__About this exercise__: Give every line of the records exactly, please, from the first up to and including the one containing "SACAI 2017 grey".

__Records from a dataset__:
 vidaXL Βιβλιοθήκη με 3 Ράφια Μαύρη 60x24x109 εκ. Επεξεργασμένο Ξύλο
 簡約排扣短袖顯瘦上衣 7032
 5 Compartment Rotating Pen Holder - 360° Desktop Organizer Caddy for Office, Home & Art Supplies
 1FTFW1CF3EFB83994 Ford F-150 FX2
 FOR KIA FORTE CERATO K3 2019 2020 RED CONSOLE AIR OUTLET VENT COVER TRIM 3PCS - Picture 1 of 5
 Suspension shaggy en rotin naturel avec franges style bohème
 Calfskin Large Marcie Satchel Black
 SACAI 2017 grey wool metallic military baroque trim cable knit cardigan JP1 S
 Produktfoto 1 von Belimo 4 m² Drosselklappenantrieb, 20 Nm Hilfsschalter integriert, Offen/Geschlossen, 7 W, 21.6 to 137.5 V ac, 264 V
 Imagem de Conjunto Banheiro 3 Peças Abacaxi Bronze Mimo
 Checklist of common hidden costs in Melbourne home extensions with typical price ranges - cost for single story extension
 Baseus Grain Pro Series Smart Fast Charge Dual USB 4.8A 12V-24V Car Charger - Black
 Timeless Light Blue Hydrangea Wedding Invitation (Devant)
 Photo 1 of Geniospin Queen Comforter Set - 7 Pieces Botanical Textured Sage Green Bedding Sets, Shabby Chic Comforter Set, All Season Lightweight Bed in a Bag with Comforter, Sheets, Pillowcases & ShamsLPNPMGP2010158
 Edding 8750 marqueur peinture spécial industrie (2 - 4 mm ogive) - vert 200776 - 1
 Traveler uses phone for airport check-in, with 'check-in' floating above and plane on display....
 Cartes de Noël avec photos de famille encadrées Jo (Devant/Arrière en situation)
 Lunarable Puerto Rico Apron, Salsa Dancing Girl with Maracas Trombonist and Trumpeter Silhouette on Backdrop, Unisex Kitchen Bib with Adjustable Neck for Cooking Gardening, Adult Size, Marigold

__Exercise response__:
 vidaXL Βιβλιοθήκη με 3 Ράφια Μαύρη 60x24x109 εκ. Επεξεργασμένο Ξύλο
 簡約排扣短袖顯瘦上衣 7032
 5 Compartment Rotating Pen Holder - 360° Desktop Organizer Caddy for Office, Home & Art Supplies
 1FTFW1CF3EFB83994 Ford F-150 FX2
 FOR KIA FORTE CERATO K3 2019 2020 RED CONSOLE AIR OUTLET VENT COVER TRIM 3PCS - Picture 1 of 5
 Suspension shaggy en rotin naturel avec franges style bohème
 Calfskin Large Marcie Satchel Black
 SACAI 2017 grey wool metallic military baroque trim cable knit cardigan JP1 S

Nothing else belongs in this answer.